**Given data:**
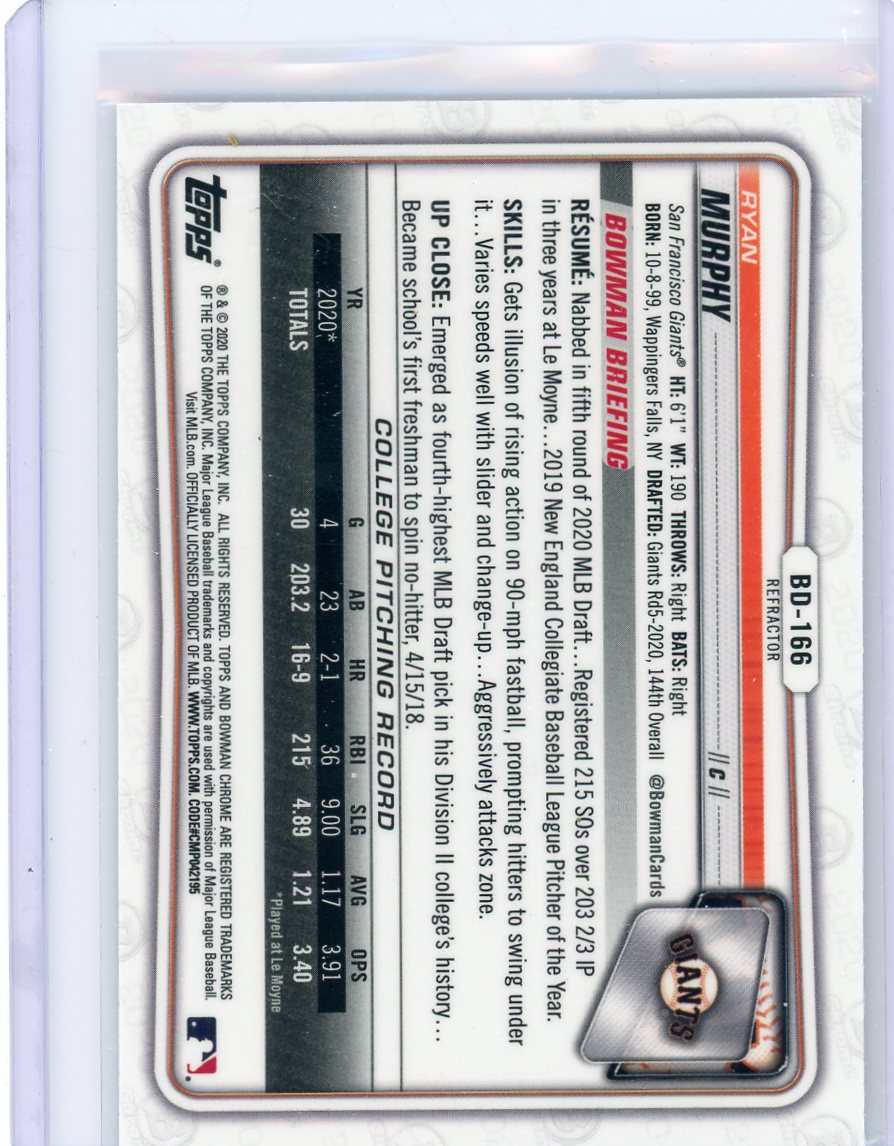 Ryan Murphy 2020 1st Bowman Chrome Refractor BD-166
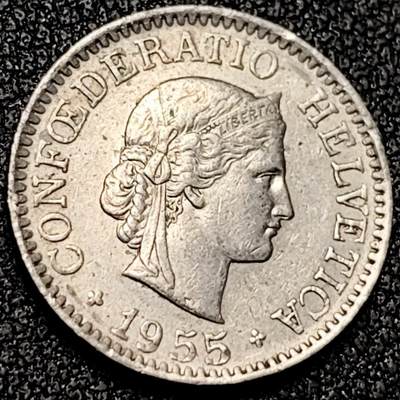 泉币菌-第199场- 新年快乐 新年第7场 本场拍品多 请提前出价（正月十五统一发货） - 高币值 百年延续 女神 瑞士1955年 10分銅镍硬币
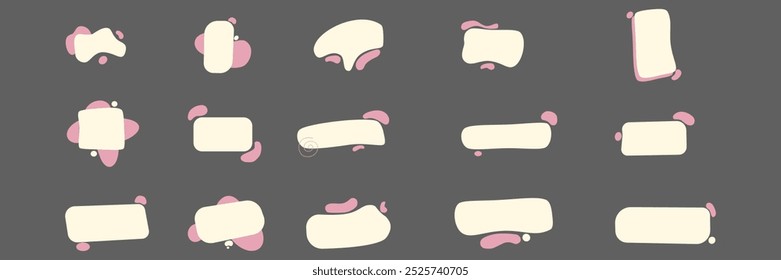 Collection shape aesthetic blob text, with grey background.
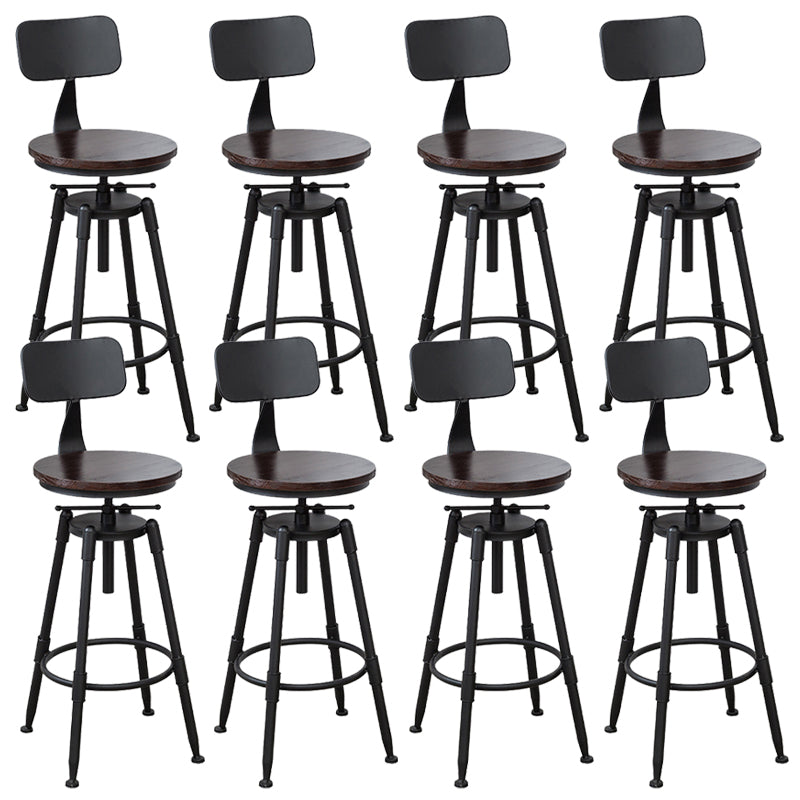 Industrial Armless Elevatable Counter Stool Iron Bar Stool with Pedal for Cafe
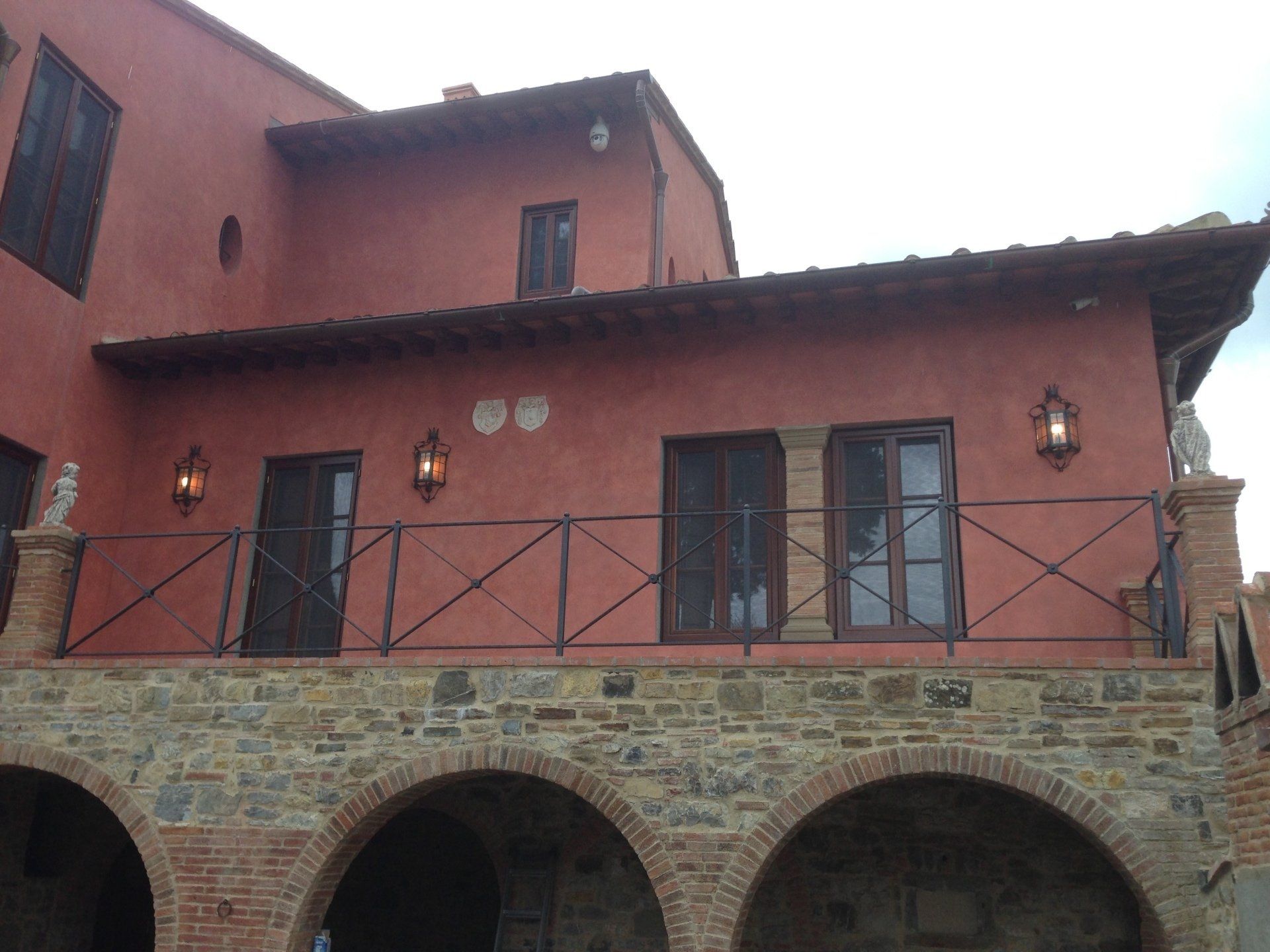 wrought iron railings on villa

**Your goal:** Retype each entry exactly as it appears, excluding any image.

**Task answer:**
 Ryan Murphy 2020 1st Bowman Chrome Refractor BD-166
 泉币菌-第199场- 新年快乐 新年第7场 本场拍品多 请提前出价（正月十五统一发货） - 高币值 百年延续 女神 瑞士1955年 10分銅镍硬币
 Collection shape aesthetic blob text, with grey background.
 Industrial Armless Elevatable Counter Stool Iron Bar Stool with Pedal for Cafe
 wrought iron railings on villa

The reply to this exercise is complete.